> Study material
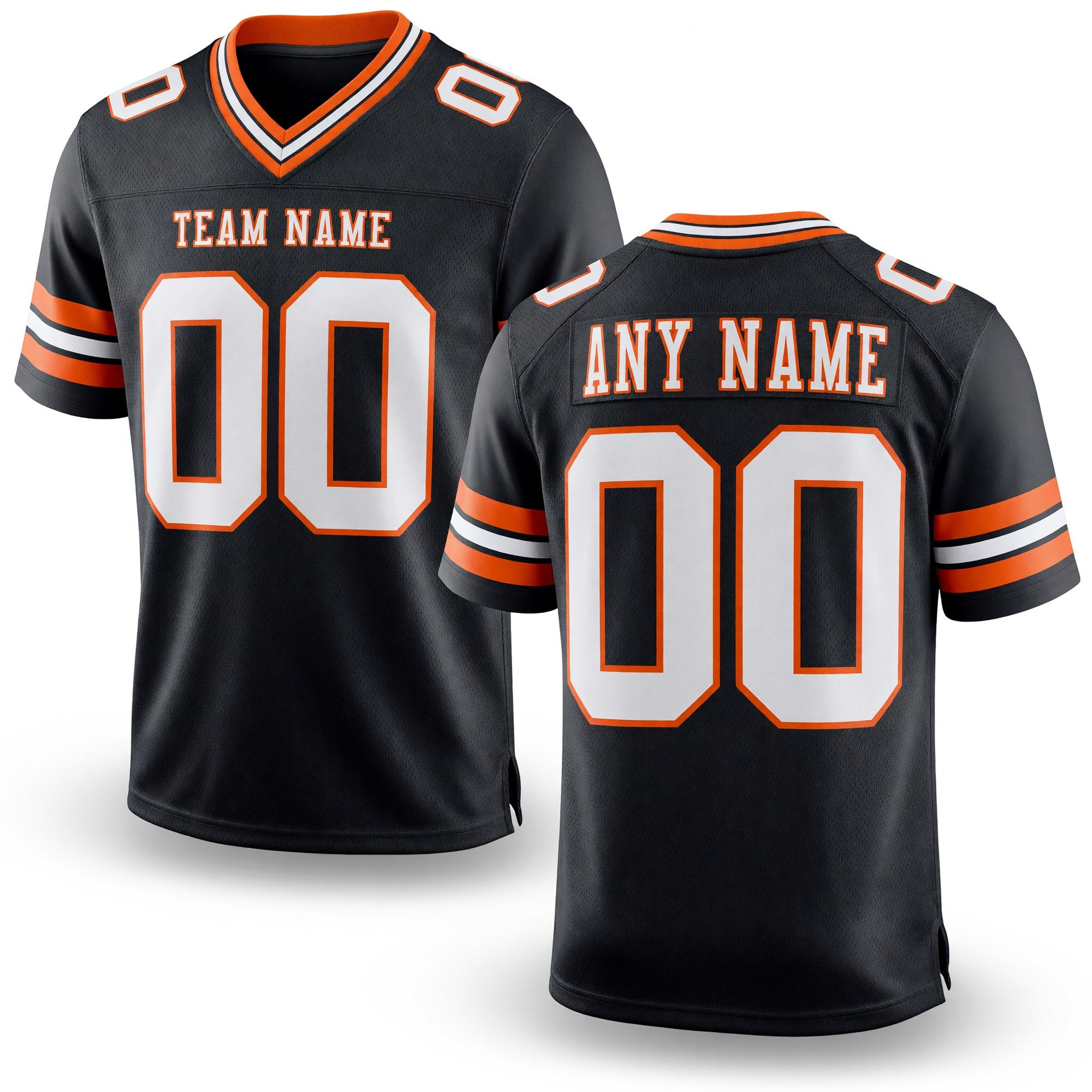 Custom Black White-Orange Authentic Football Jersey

* * *

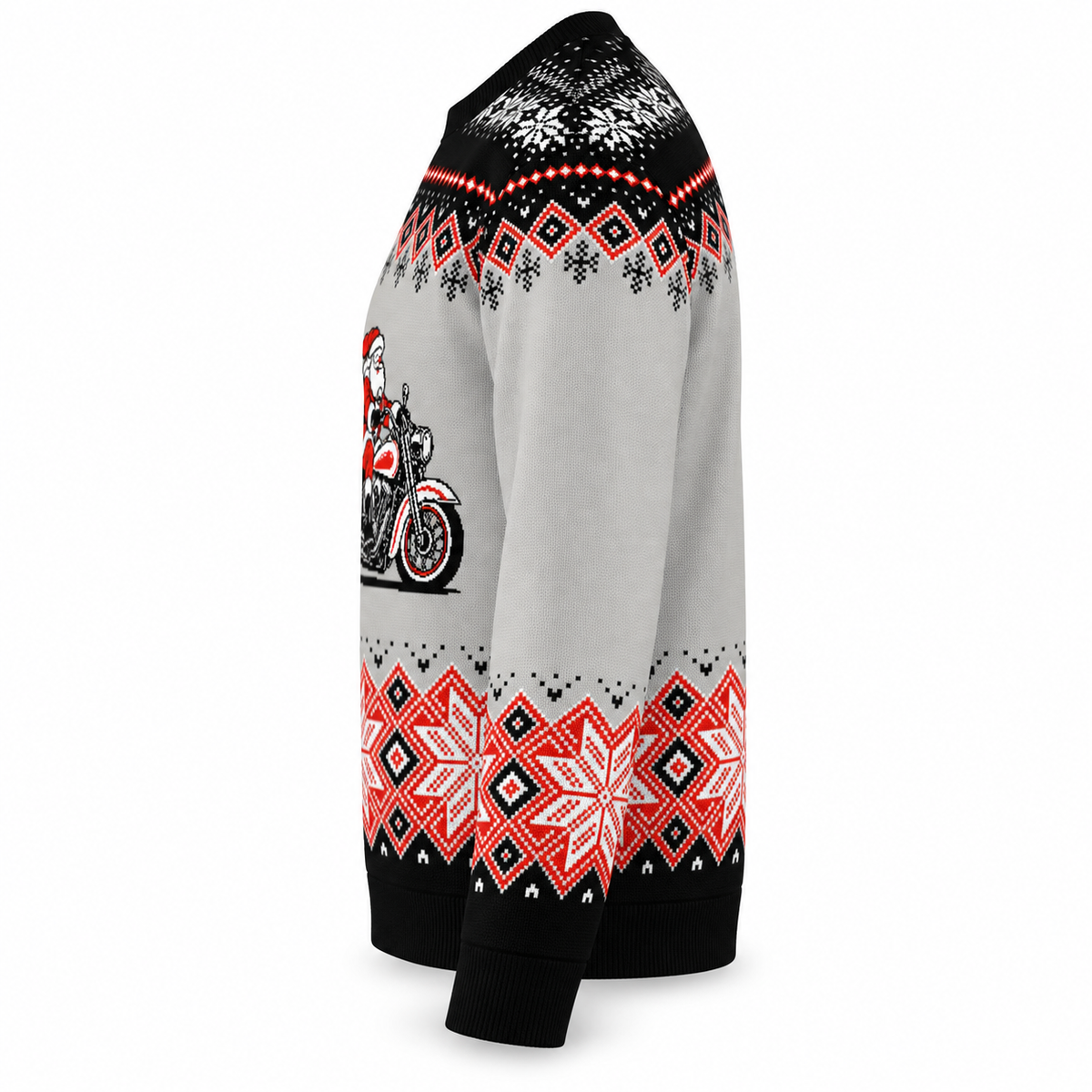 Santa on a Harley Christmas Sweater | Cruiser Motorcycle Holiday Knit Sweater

...

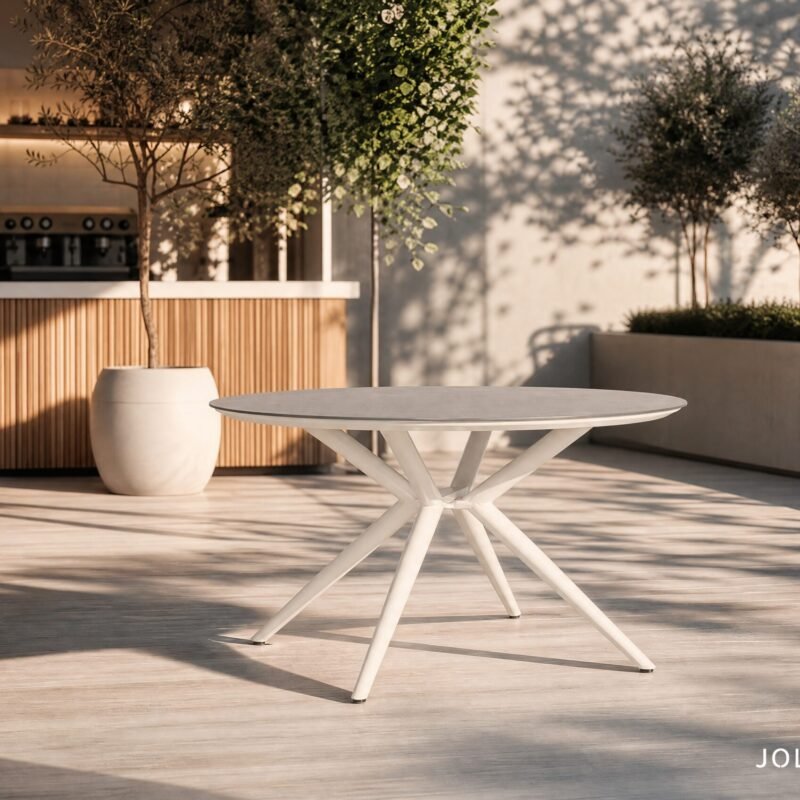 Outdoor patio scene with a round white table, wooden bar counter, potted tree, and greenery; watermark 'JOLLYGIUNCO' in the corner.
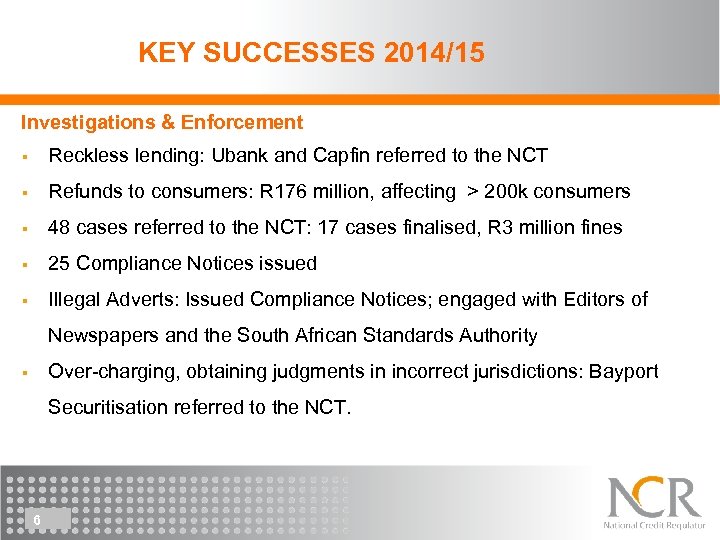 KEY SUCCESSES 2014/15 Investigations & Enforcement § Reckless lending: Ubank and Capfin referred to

> What to work on
Print exactly the lines above that run from the one with "Outdoor patio scene" to the one with "KEY SUCCESSES 2014/15", both included. No pictures.

> Solution for this problem
 Outdoor patio scene with a round white table, wooden bar counter, potted tree, and greenery; watermark 'JOLLYGIUNCO' in the corner.
 KEY SUCCESSES 2014/15 Investigations & Enforcement § Reckless lending: Ubank and Capfin referred to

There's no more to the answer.